Среди ночи нас разбудил шум. Такого крика и брани мы еще не слыхали. Мы, дети, залезли под одеяло к маме и, затаив дыхание, с восхищением и страхом прислушивались к тому, как дед внизу борется, словно лев. Если бы не его отвага и старческие седины, солдаты выкинули бы нас на улицу. Усевшись на ступеньки крутой лестницы, ведущей в спальню, дед оборонял свое потомство со всею страстью упрямого и гневливого старика. Каждую попытку солдат подняться наверх он пресекал, раскидывая заграждающим жестом длинные тощие руки и хрипло рявкая:
– Прочь!.. Наверху дети…
Когда шум улегся, мама тихонько приоткрыла дверь, но чуткий дед тут же гаркнул на нее, как гаркал на солдат:
– Сейчас же марш в постель и чтоб ни гу-гу! Я сказал, что в доме ни одной женщины нету…

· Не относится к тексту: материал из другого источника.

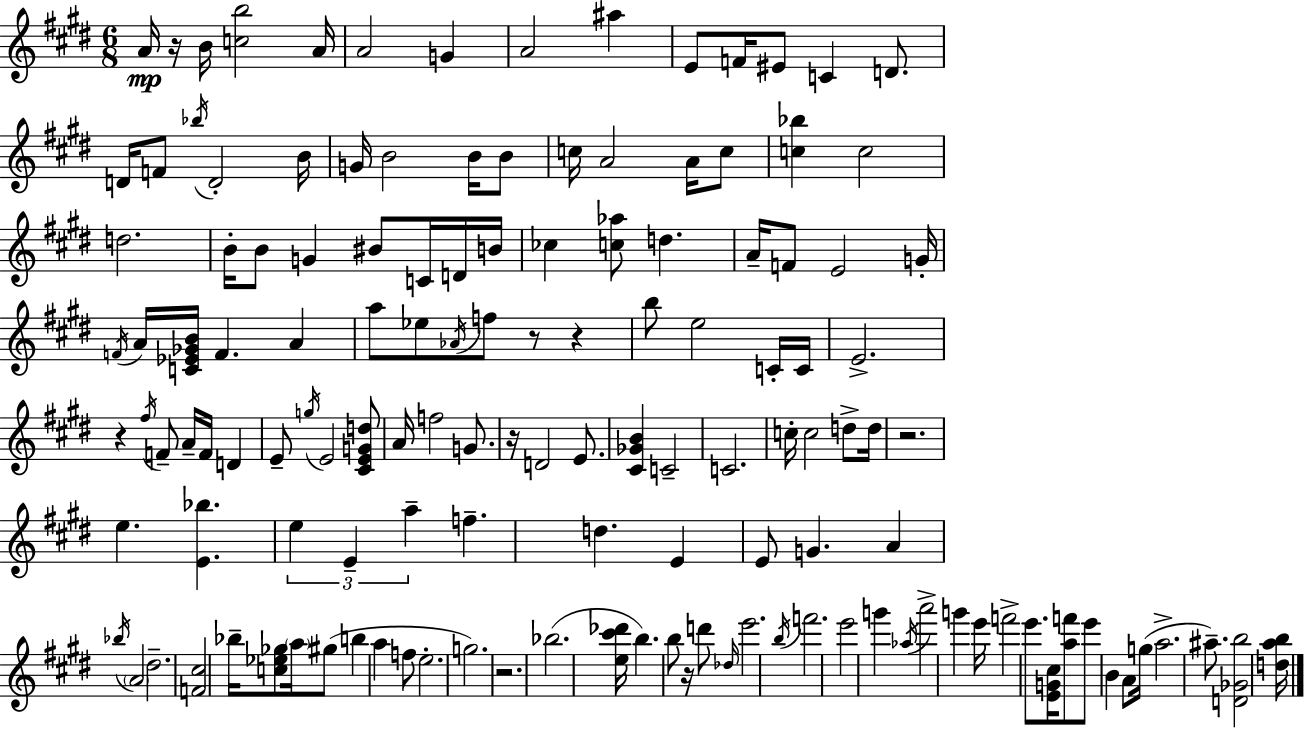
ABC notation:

X:1
T:Untitled
M:6/8
L:1/4
K:E
A/4 z/4 B/4 [cb]2 A/4 A2 G A2 ^a E/2 F/4 ^E/2 C D/2 D/4 F/2 _b/4 D2 B/4 G/4 B2 B/4 B/2 c/4 A2 A/4 c/2 [c_b] c2 d2 B/4 B/2 G ^B/2 C/4 D/4 B/4 _c [c_a]/2 d A/4 F/2 E2 G/4 F/4 A/4 [C_E_GB]/4 F A a/2 _e/2 _A/4 f/2 z/2 z b/2 e2 C/4 C/4 E2 z ^f/4 F/2 A/4 F/4 D E/2 g/4 E2 [^CEGd]/2 A/4 f2 G/2 z/4 D2 E/2 [^C_GB] C2 C2 c/4 c2 d/2 d/4 z2 e [E_b] e E a f d E E/2 G A _b/4 A2 ^d2 [F^c]2 _b/4 [c_e_g]/2 a/4 ^g/2 b a f/2 e2 g2 z2 _b2 [e^c'_d']/4 b b/2 z/4 d'/2 _d/4 e'2 b/4 f'2 e'2 g' _a/4 a'2 g' e'/4 f'2 e'/2 [EG^c]/4 [af']/2 e'/2 B A/2 g/4 a2 ^a/2 [D_Gb]2 [dab]/4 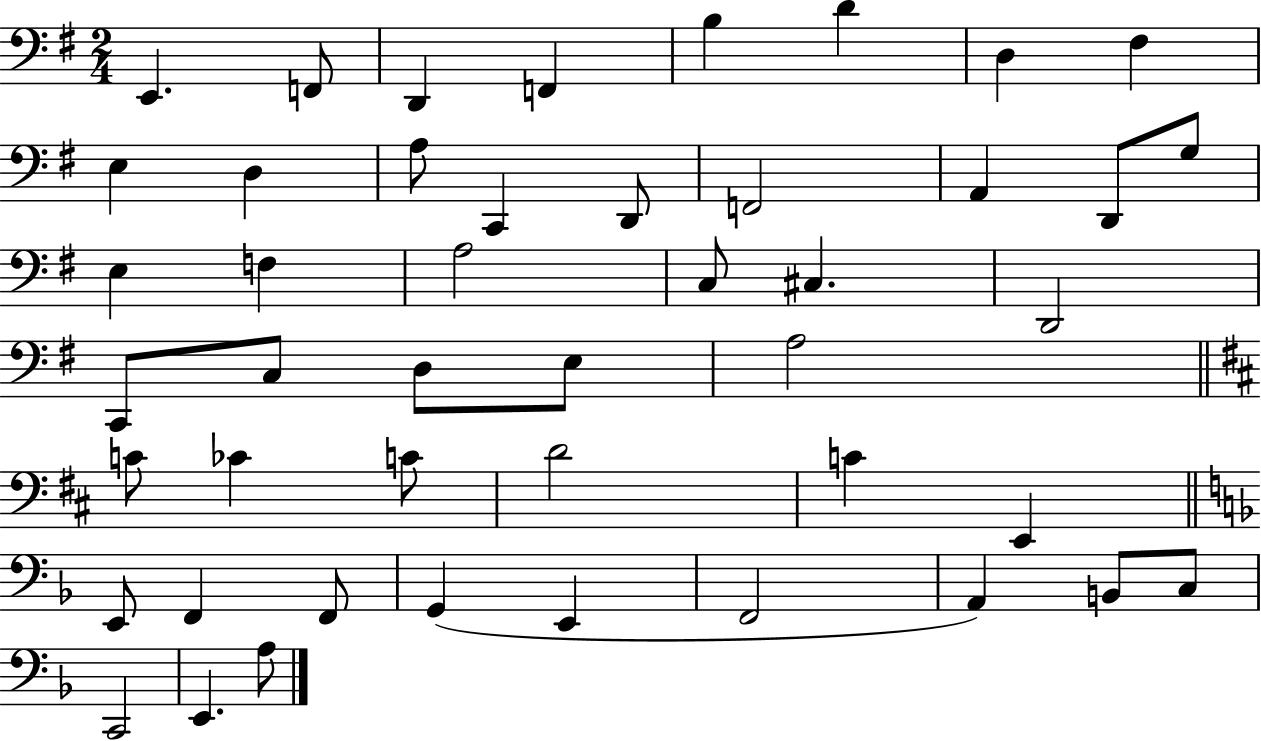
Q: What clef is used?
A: bass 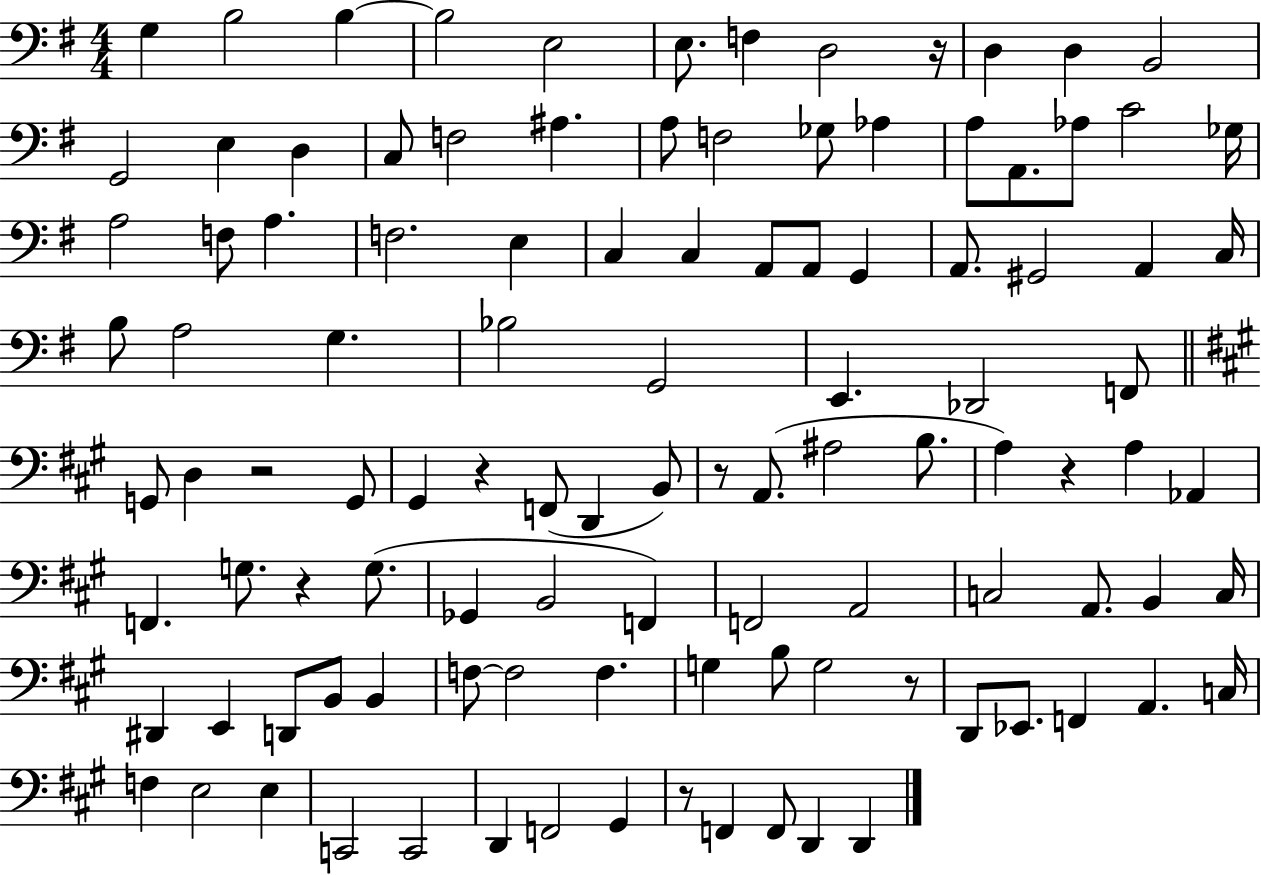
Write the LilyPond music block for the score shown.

{
  \clef bass
  \numericTimeSignature
  \time 4/4
  \key g \major
  \repeat volta 2 { g4 b2 b4~~ | b2 e2 | e8. f4 d2 r16 | d4 d4 b,2 | \break g,2 e4 d4 | c8 f2 ais4. | a8 f2 ges8 aes4 | a8 a,8. aes8 c'2 ges16 | \break a2 f8 a4. | f2. e4 | c4 c4 a,8 a,8 g,4 | a,8. gis,2 a,4 c16 | \break b8 a2 g4. | bes2 g,2 | e,4. des,2 f,8 | \bar "||" \break \key a \major g,8 d4 r2 g,8 | gis,4 r4 f,8( d,4 b,8) | r8 a,8.( ais2 b8. | a4) r4 a4 aes,4 | \break f,4. g8. r4 g8.( | ges,4 b,2 f,4) | f,2 a,2 | c2 a,8. b,4 c16 | \break dis,4 e,4 d,8 b,8 b,4 | f8~~ f2 f4. | g4 b8 g2 r8 | d,8 ees,8. f,4 a,4. c16 | \break f4 e2 e4 | c,2 c,2 | d,4 f,2 gis,4 | r8 f,4 f,8 d,4 d,4 | \break } \bar "|."
} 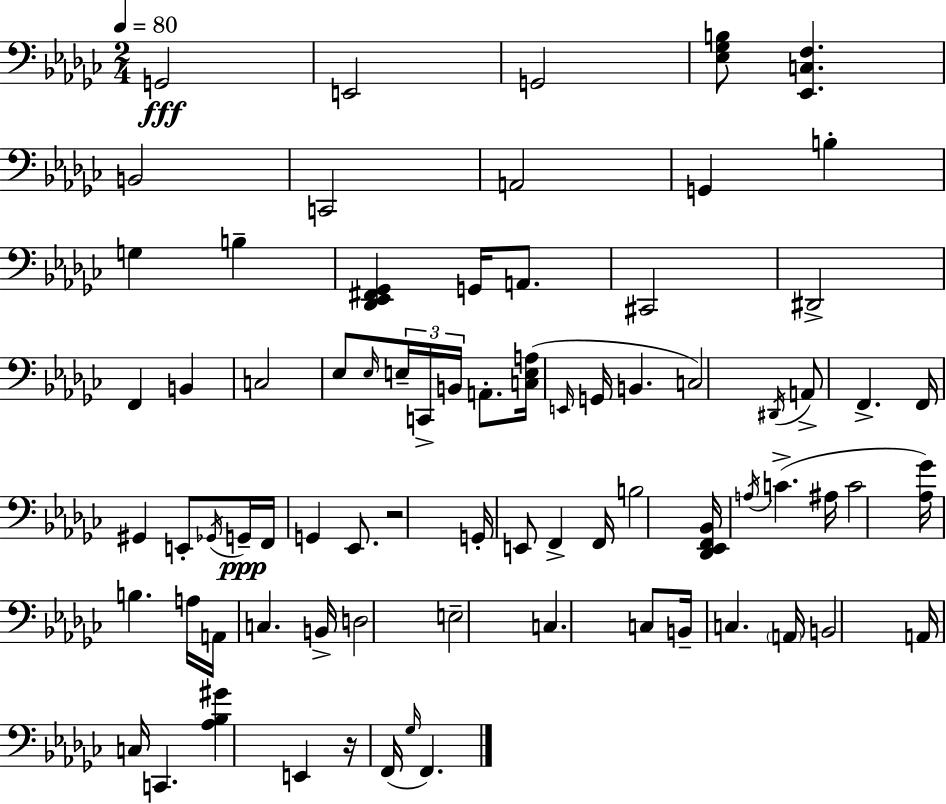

Мама снова легла, прижала нас к себе и велела молчать. Мы затаились и навострили уши. В доме все еще гудело, как в улье. В горнице, которая находилась как раз под нами, что-то с шумом переставляли с места на место, пилили и приколачивали и закрывали окна. Все это сопровождалось крепкой бранью. Потом все стихло, только ненадолго, потому что вскоре через балки деревянного потолка до нас начало доноситься то протяжное, то отрывистое, то скучающее, то веселое: «Ал-ло!.. Ал-ло!..»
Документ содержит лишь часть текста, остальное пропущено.